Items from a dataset
------------------------
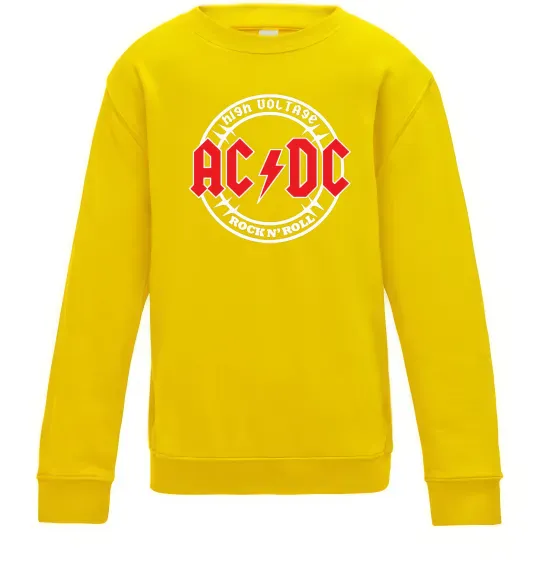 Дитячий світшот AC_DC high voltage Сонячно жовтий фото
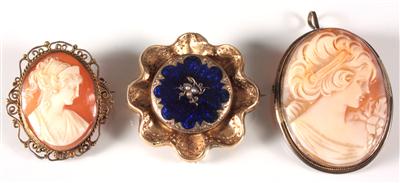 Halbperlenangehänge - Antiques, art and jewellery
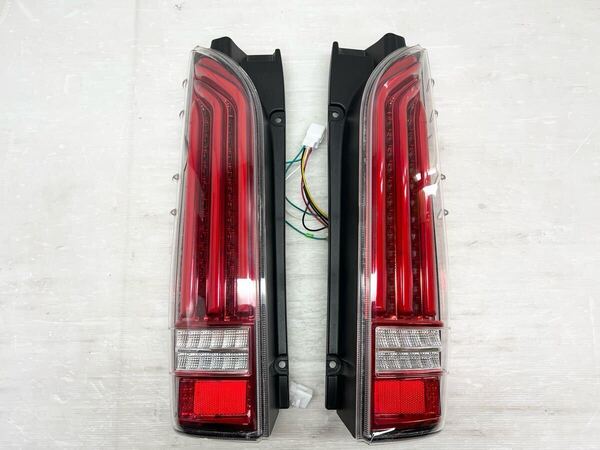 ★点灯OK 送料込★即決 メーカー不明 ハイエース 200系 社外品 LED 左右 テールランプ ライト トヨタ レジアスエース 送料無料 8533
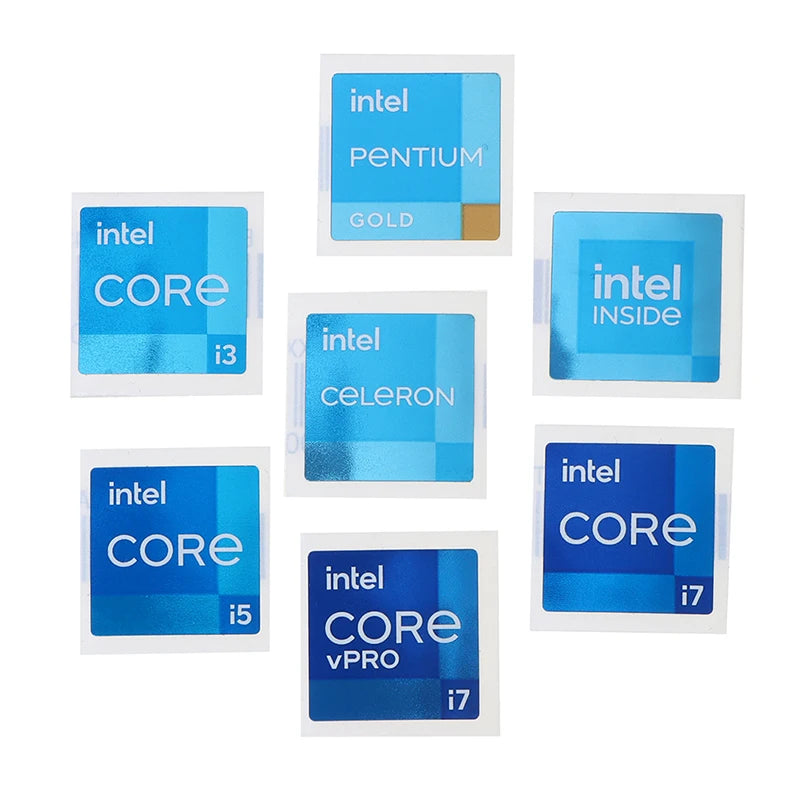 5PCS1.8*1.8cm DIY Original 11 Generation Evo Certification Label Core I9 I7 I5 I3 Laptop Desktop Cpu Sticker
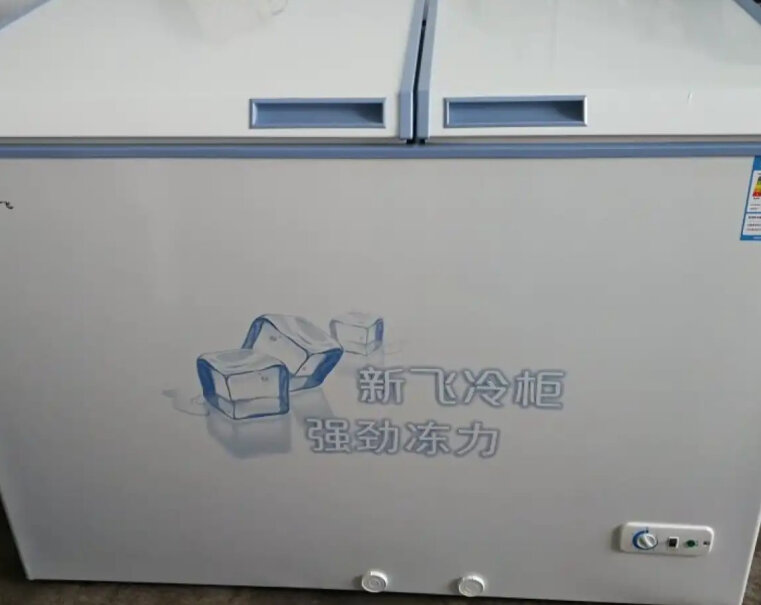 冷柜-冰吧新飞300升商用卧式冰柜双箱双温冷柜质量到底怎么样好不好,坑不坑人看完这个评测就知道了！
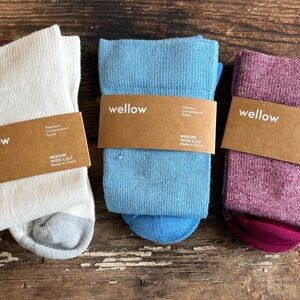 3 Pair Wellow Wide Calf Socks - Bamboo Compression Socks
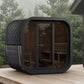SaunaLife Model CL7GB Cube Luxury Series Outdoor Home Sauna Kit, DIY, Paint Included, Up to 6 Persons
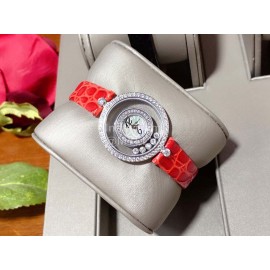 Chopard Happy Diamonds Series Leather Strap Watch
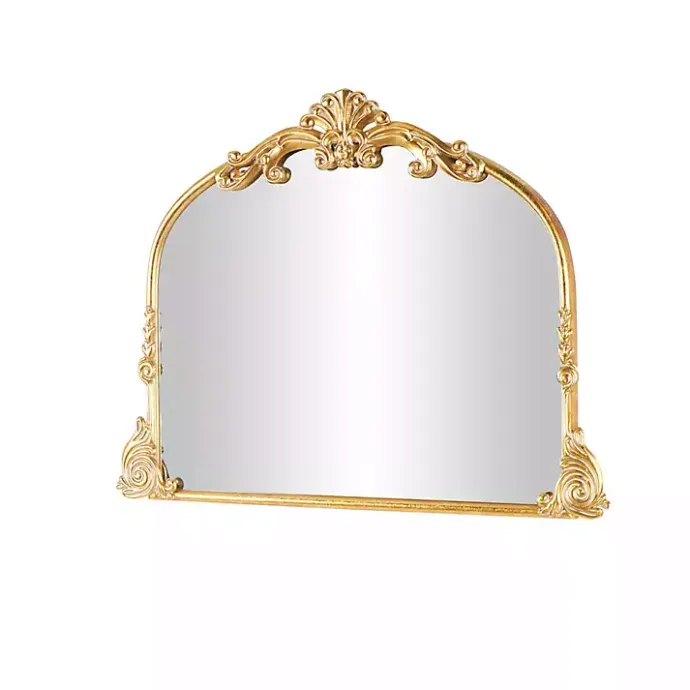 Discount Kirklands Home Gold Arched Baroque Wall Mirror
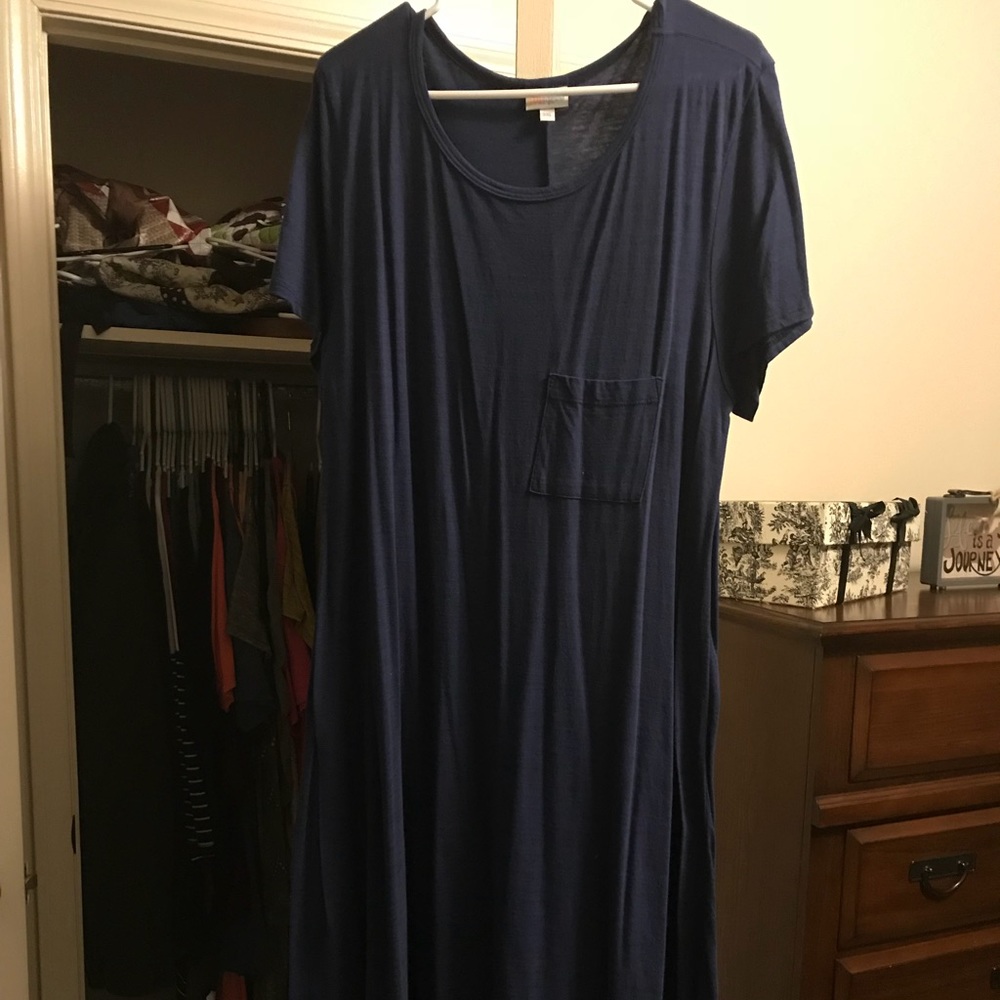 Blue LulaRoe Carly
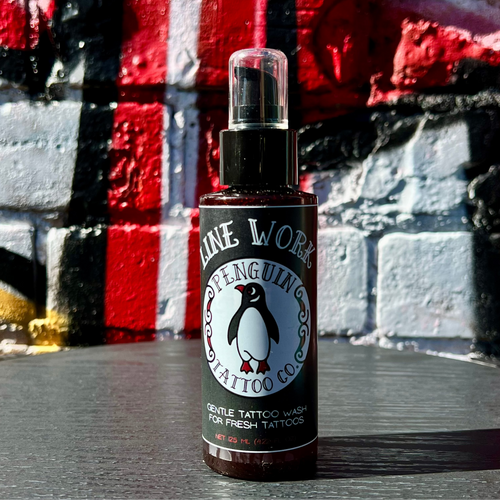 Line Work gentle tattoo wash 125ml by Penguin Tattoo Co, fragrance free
------------------------
== About this exercise ==
Only the lines from the one containing "Halbperlenangehänge - Antiques, art" through the last line of the entries should be transcribed, exactly and with no pictures.

== Answer section ==
 Halbperlenangehänge - Antiques, art and jewellery
 ★点灯OK 送料込★即決 メーカー不明 ハイエース 200系 社外品 LED 左右 テールランプ ライト トヨタ レジアスエース 送料無料 8533
 5PCS1.8*1.8cm DIY Original 11 Generation Evo Certification Label Core I9 I7 I5 I3 Laptop Desktop Cpu Sticker
 冷柜-冰吧新飞300升商用卧式冰柜双箱双温冷柜质量到底怎么样好不好,坑不坑人看完这个评测就知道了！
 3 Pair Wellow Wide Calf Socks - Bamboo Compression Socks
SaunaLife Model CL7GB Cube Luxury Series Outdoor Home Sauna Kit, DIY, Paint Included, Up to 6 Persons
 Chopard Happy Diamonds Series Leather Strap Watch
 Discount Kirklands Home Gold Arched Baroque Wall Mirror
 Blue LulaRoe Carly
 Line Work gentle tattoo wash 125ml by Penguin Tattoo Co, fragrance free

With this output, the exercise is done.